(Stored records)
—————

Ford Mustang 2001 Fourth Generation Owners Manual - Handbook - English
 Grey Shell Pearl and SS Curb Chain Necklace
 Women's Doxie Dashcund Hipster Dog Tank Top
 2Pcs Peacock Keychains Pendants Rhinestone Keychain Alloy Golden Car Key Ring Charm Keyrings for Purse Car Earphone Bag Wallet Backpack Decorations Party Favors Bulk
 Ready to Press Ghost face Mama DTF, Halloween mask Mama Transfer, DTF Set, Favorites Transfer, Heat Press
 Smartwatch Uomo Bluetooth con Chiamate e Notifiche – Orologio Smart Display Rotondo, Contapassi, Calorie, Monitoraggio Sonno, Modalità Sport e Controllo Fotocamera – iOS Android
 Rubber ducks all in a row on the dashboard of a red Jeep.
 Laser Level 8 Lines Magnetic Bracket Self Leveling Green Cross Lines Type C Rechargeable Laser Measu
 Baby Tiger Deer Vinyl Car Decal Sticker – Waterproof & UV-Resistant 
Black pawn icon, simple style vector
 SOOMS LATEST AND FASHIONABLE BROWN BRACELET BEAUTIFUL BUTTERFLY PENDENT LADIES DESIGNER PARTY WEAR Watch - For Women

—————

**Exercise**: Please state the number of lines above that hold the string "Women", with nothing else added.

**Written answer**: 2